§ Work item
Find the line with "Indian Traditional Lord" in the records below, then please transcribe it and every later line exactly, omitting the pictures and adding nothing.

Image-caption web data:
----

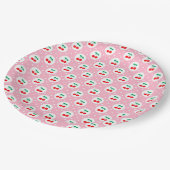 Cherry Dot Pattern - Retro Fruit Gift & Decke Pappteller (Schrägansicht)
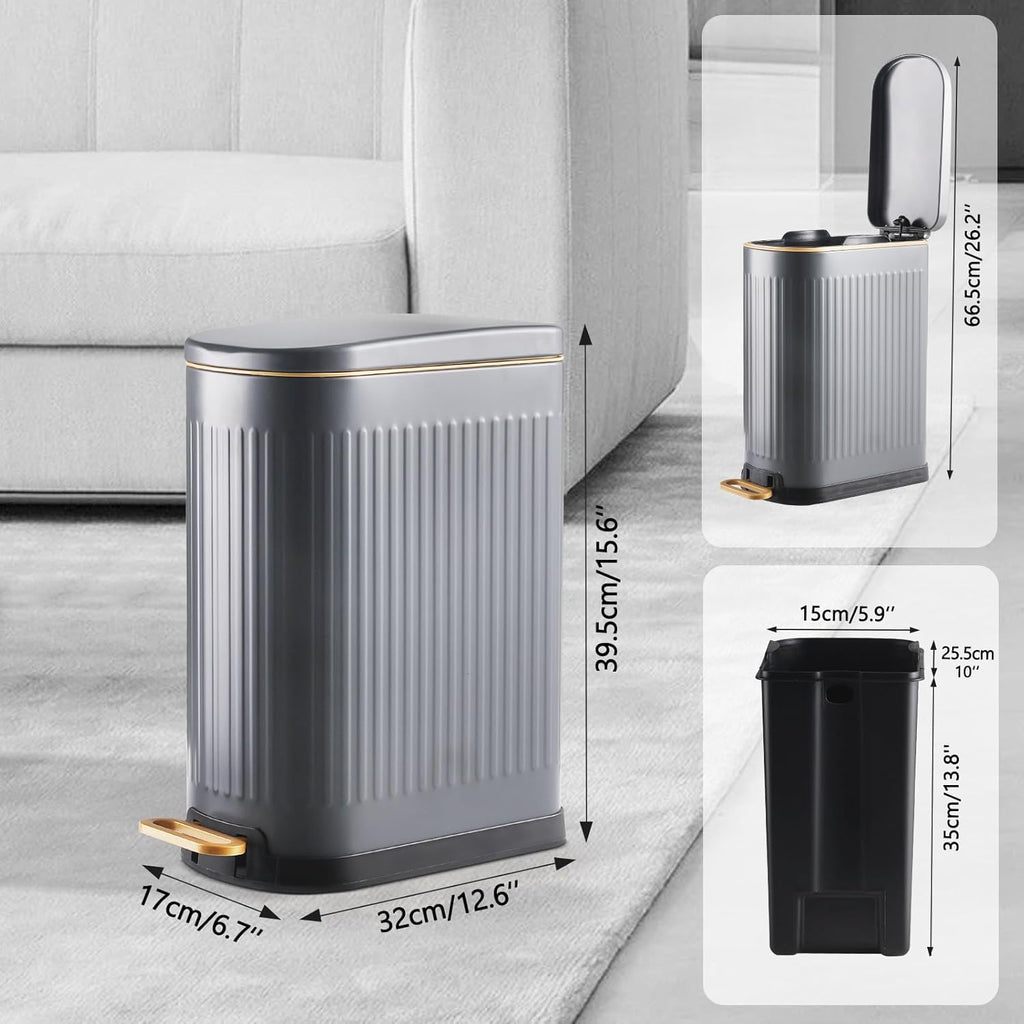 SYNCVIBE Slim Bathroom Trash Can - Soft Close Lid Stainless Steel Step Bin | 3.5 Gallons, Matt Grey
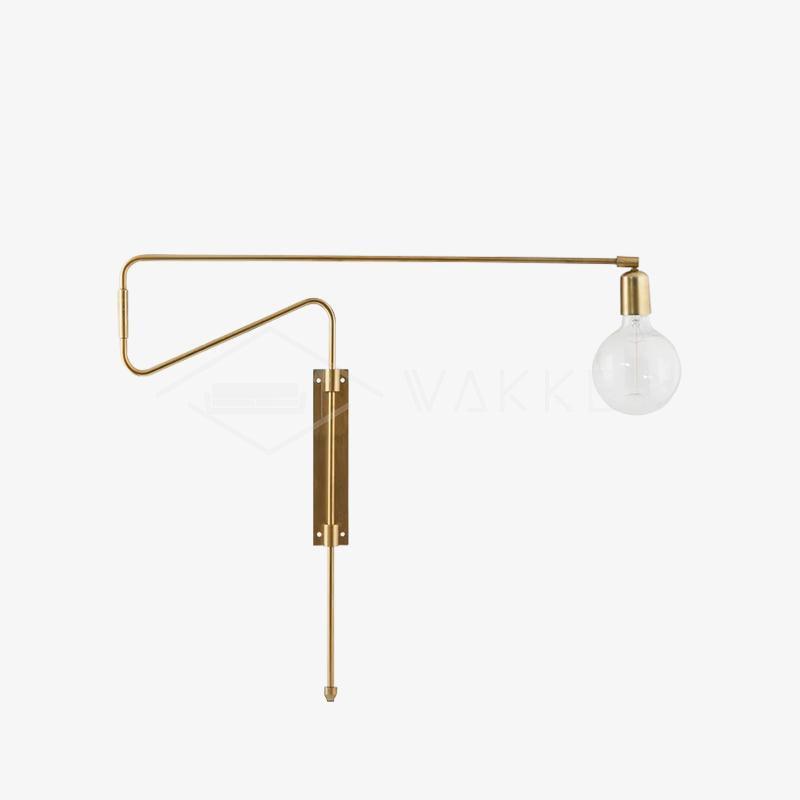 Brass extended arm on a white background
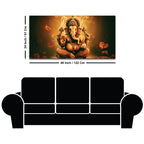 Indian Traditional Lord Shri Ganesh Premium Canvas Wall Painting –  Luxury Spiritual Wall Art for Home & Office Decor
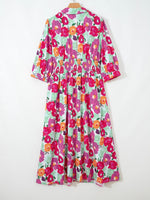 Vibrant Floral Print V Neck Zip Up Puffy Half Sleeve Dress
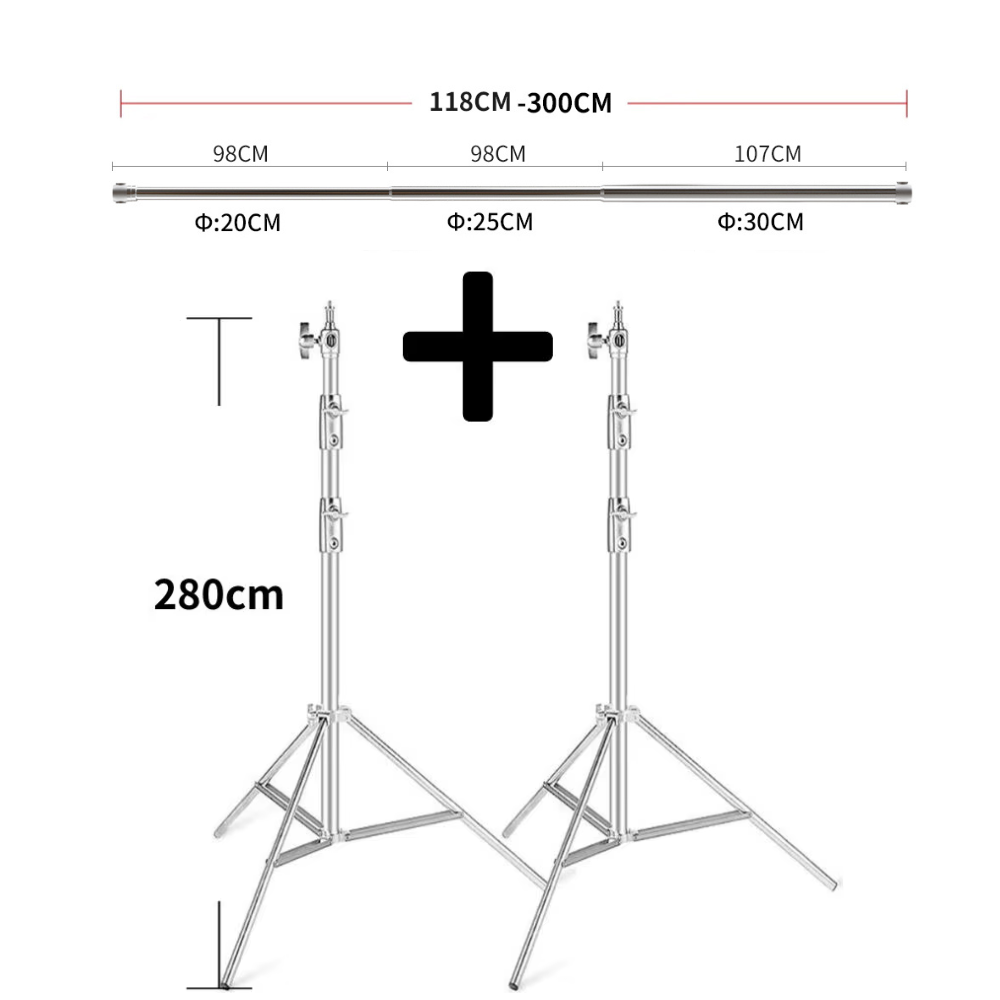 Backdrop Stand Kit - 2.8x2/3M Universal Telescopic Crossbar Photo Background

----

§ Exercise solution
 Indian Traditional Lord Shri Ganesh Premium Canvas Wall Painting –  Luxury Spiritual Wall Art for Home & Office Decor
 Vibrant Floral Print V Neck Zip Up Puffy Half Sleeve Dress
 Backdrop Stand Kit - 2.8x2/3M Universal Telescopic Crossbar Photo Background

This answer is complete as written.